**WORK INSTRUCTIONS**
Among the entries, find each line that includes the string "Cartoon" and list it.
(EXTRACTED ENTRIES Opens)
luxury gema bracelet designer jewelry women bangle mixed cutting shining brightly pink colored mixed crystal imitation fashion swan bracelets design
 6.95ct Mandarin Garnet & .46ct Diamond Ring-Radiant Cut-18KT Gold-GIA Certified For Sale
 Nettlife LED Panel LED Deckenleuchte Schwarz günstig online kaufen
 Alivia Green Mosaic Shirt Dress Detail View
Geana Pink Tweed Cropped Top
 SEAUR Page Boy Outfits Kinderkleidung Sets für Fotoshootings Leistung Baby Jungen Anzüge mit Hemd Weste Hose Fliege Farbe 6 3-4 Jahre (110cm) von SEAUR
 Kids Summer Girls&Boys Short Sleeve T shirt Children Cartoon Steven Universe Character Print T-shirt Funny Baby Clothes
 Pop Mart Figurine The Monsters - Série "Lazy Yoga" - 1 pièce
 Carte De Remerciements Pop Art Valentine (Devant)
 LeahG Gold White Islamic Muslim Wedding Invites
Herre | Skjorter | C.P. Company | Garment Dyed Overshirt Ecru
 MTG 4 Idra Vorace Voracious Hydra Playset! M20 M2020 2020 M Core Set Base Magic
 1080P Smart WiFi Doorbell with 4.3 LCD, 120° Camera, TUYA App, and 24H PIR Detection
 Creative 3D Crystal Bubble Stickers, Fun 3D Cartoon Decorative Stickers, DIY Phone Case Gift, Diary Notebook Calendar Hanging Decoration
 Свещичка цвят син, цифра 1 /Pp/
(EXTRACTED ENTRIES Closes)
**TASK OUTPUT**
 Kids Summer Girls&Boys Short Sleeve T shirt Children Cartoon Steven Universe Character Print T-shirt Funny Baby Clothes
 Creative 3D Crystal Bubble Stickers, Fun 3D Cartoon Decorative Stickers, DIY Phone Case Gift, Diary Notebook Calendar Hanging Decoration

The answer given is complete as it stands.